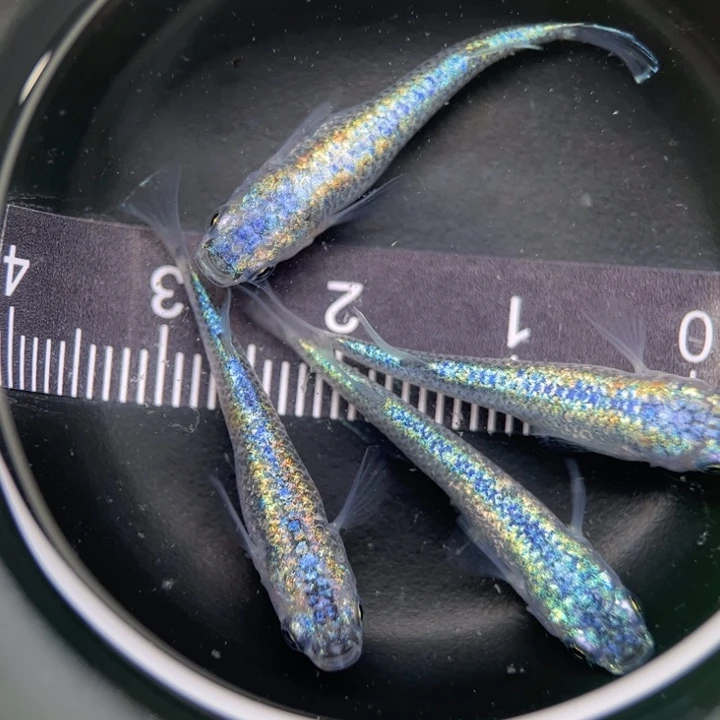 海水鱼阿玲青鳉32号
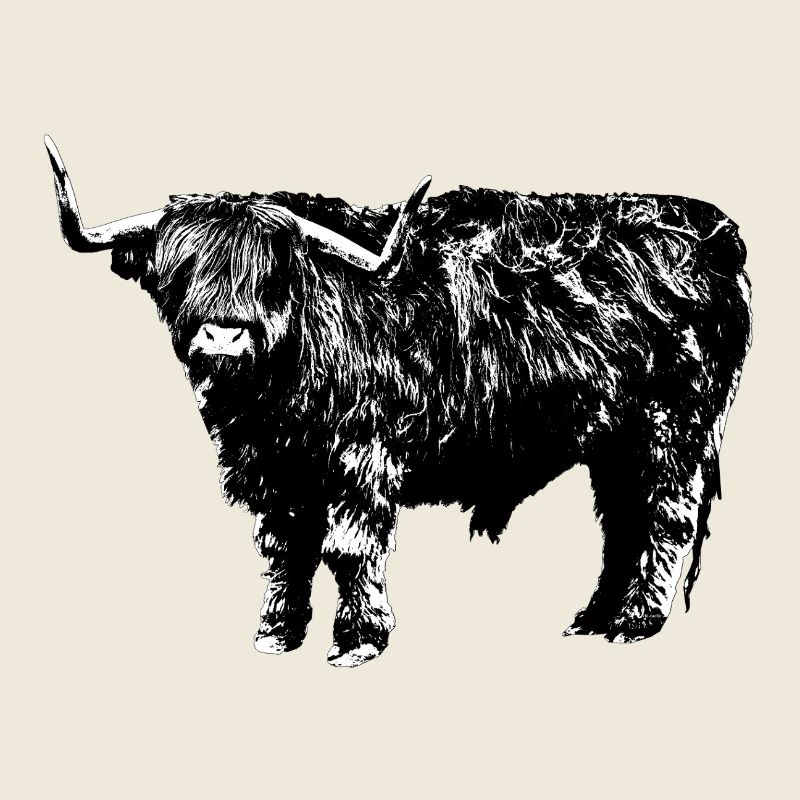 Bovins Highland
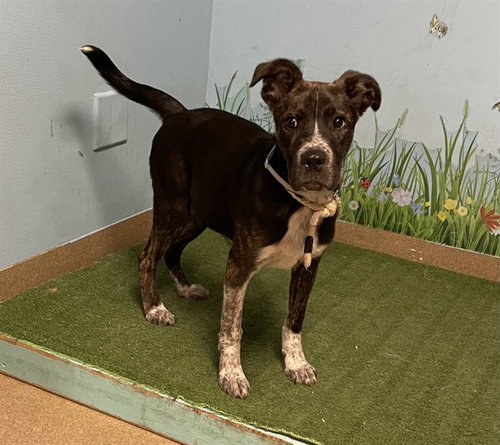 CUBE, an adoptable German Shepherd Dog in Castaic, CA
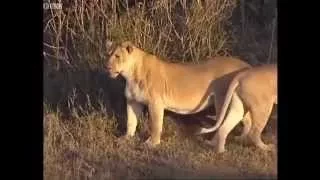 Lion vs Crocodile , Animal Attack Documentary 2015 HD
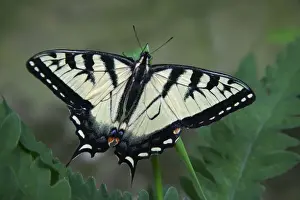 Eastern Tiger Swallowtail Butterfly - Pennsylvannia, USA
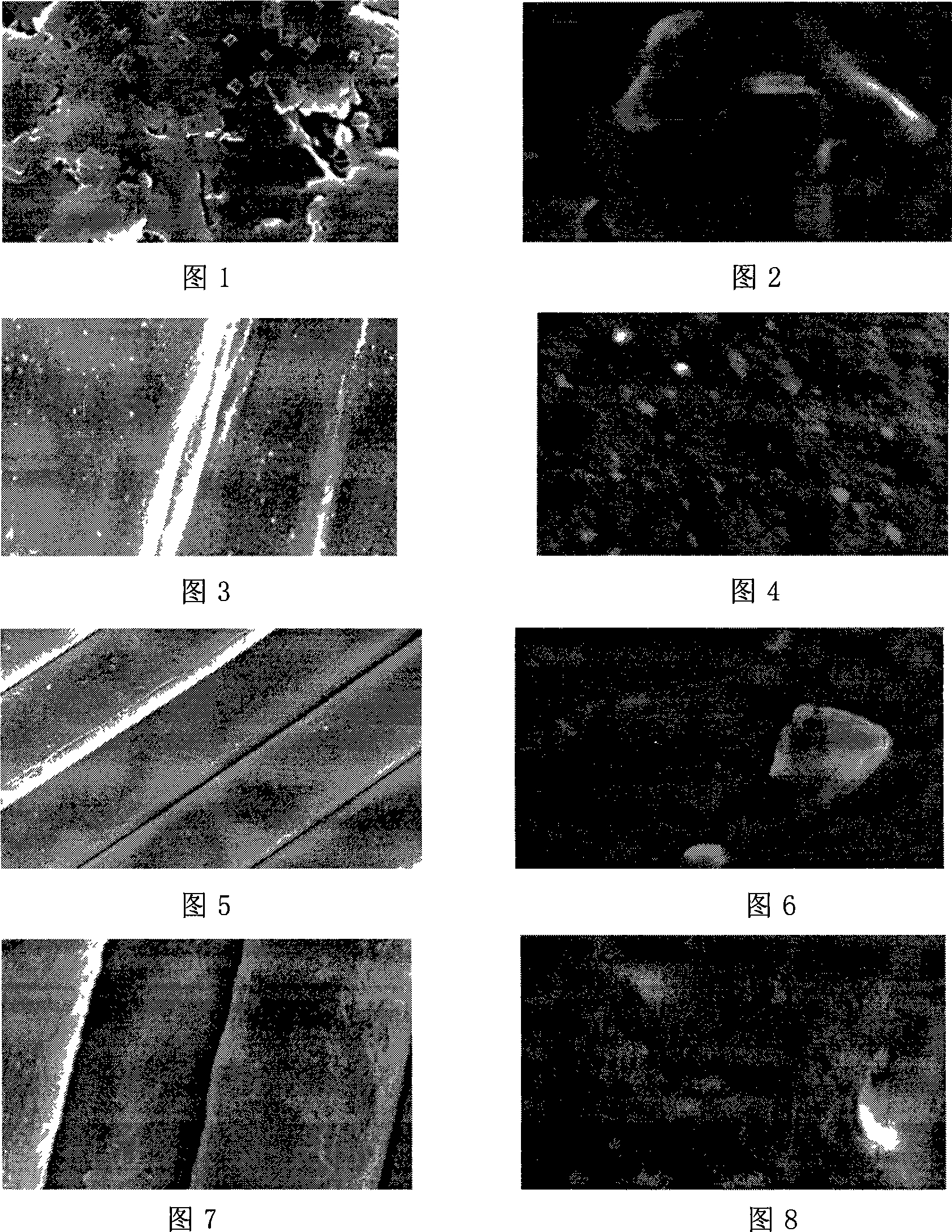 Method for preparing halogen free flame-retarded nylon 6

++++++++++

> TASK STATEMENT
Without copying any picture, write out the entries exactly.

> RESPONSE
 海水鱼阿玲青鳉32号
 Bovins Highland
 CUBE, an adoptable German Shepherd Dog in Castaic, CA
 Lion vs Crocodile , Animal Attack Documentary 2015 HD
 Eastern Tiger Swallowtail Butterfly - Pennsylvannia, USA
 Method for preparing halogen free flame-retarded nylon 6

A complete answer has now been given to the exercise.